● EXERCISE AIM
In the data below, the copy begins at the line containing "le maine libre" and runs through the last line; repeat those lines exactly, minus the pictures.

● RECORDS SUPPLIED
——

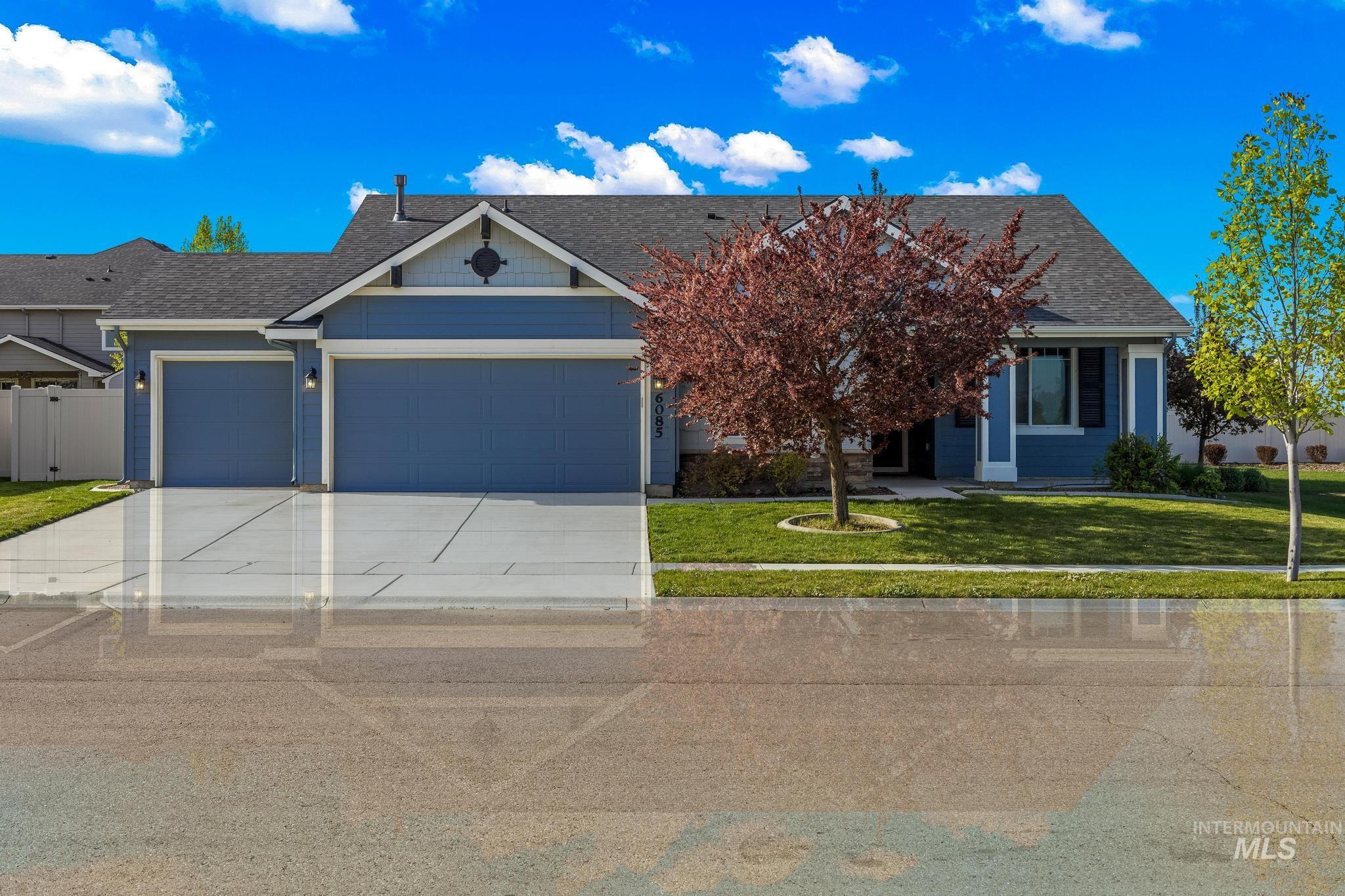 6085 E Mayfield, Nampa, Idaho 83687, 3 Bedrooms, 2 Bathrooms, Residential For Sale, Price $440,000,MLS 98983200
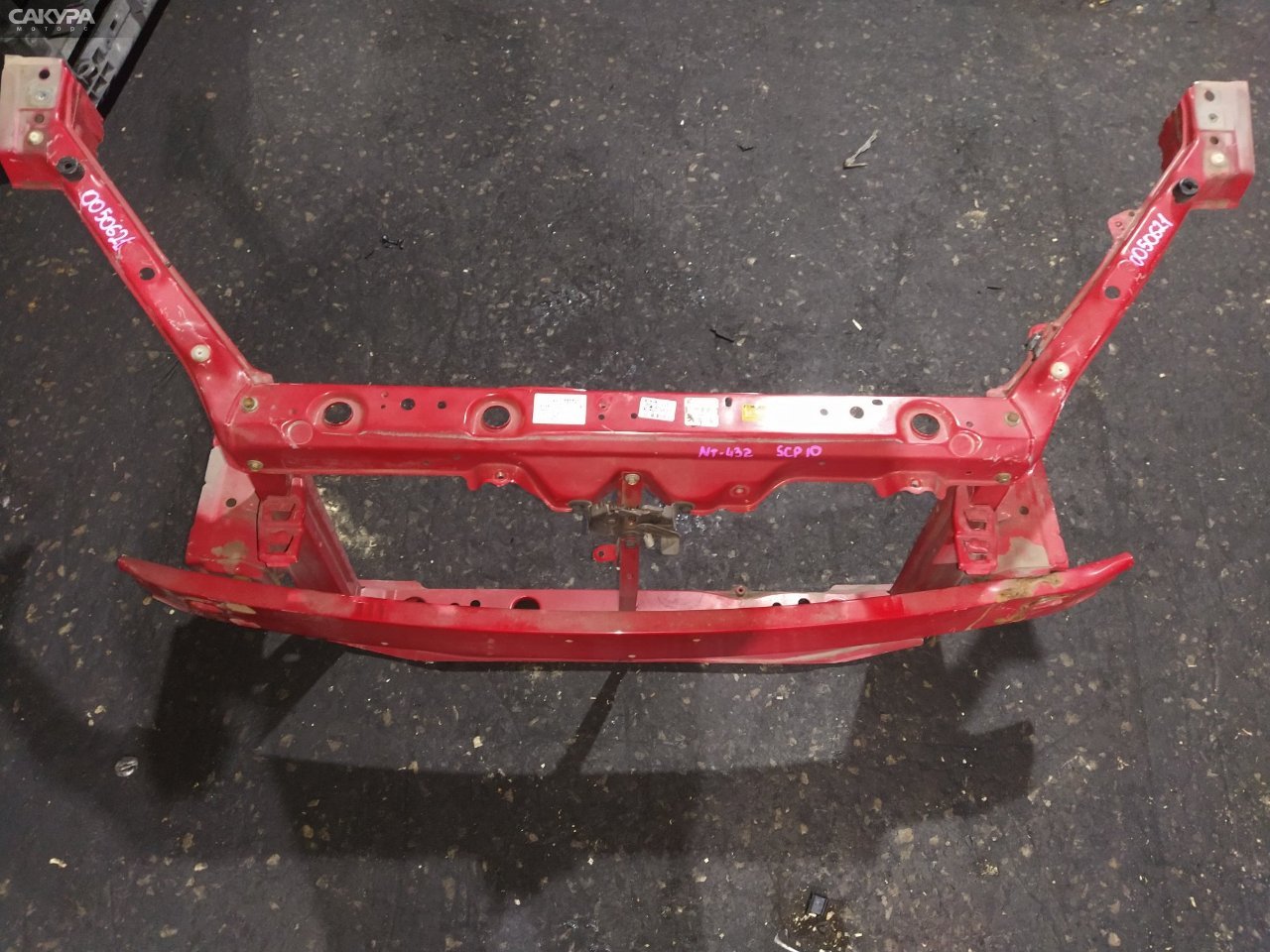 Рамка радиатора Toyota Vitz SCP10 1SZ-FE: купить в Сакура Красноярск.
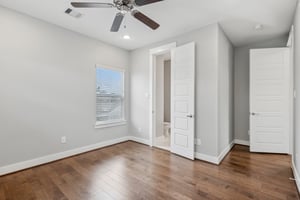 Yale Oaks Ln-025.jpg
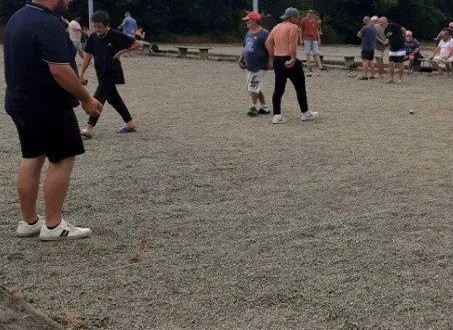 photo  sous une forte chaleur, les parties ont été acharnées.  &copy;  le maine libre 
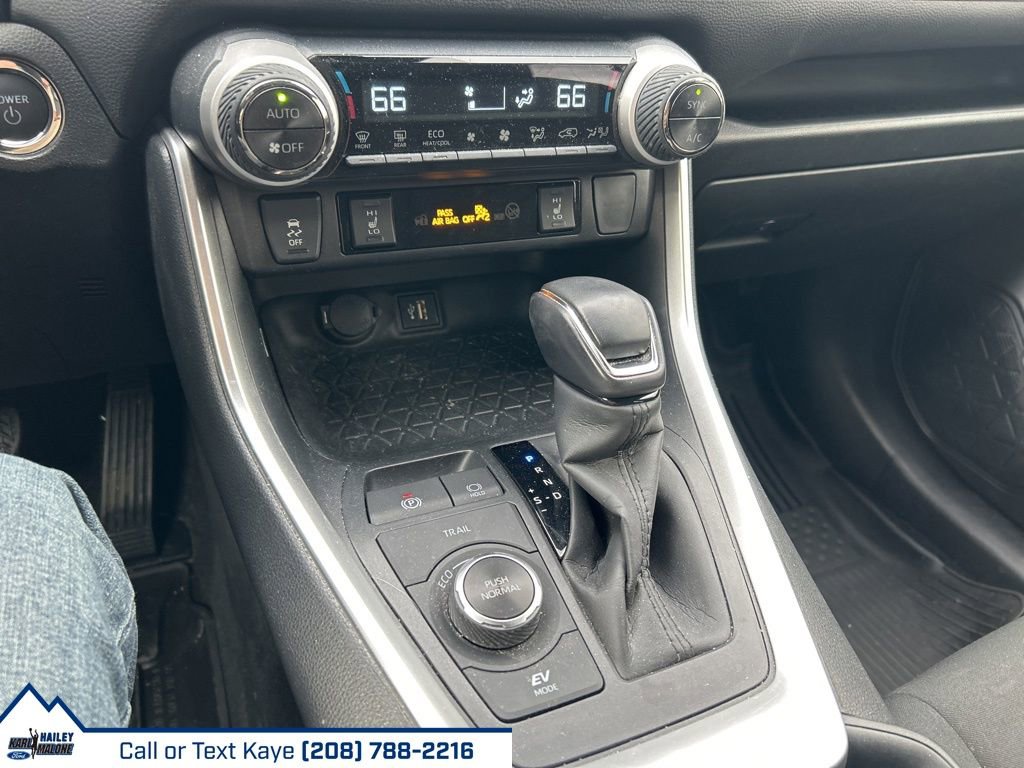 Used 2023 Toyota RAV4 SE w/ Convenience Package image 28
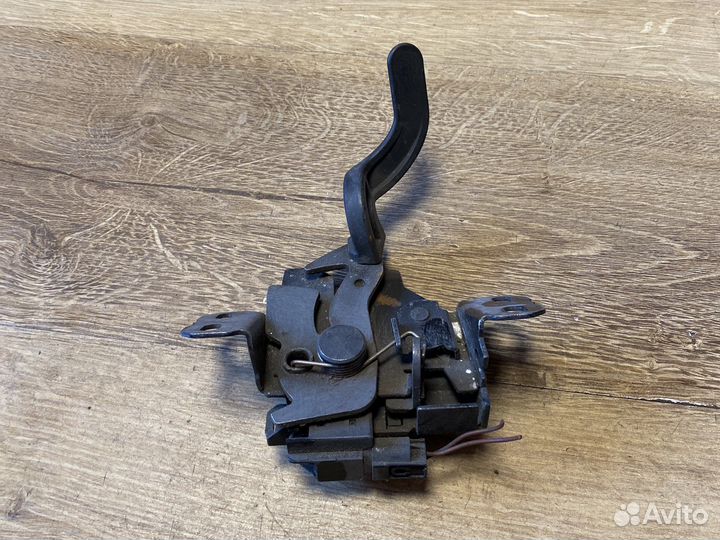 Mercedes benz vaneo замок капота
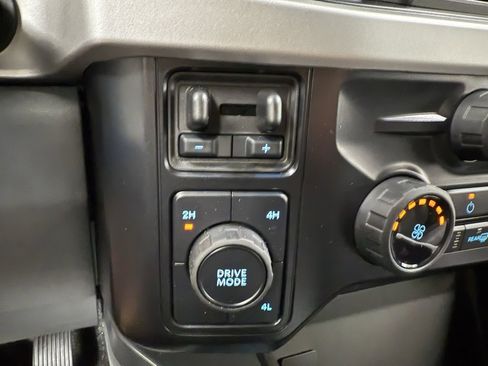 New 2025 Ford F450 XLT w/ XLT Value Package image 15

——

● WRITTEN SOLUTION
 photo  sous une forte chaleur, les parties ont été acharnées.  &copy;  le maine libre 
 Used 2023 Toyota RAV4 SE w/ Convenience Package image 28
 Mercedes benz vaneo замок капота
 New 2025 Ford F450 XLT w/ XLT Value Package image 15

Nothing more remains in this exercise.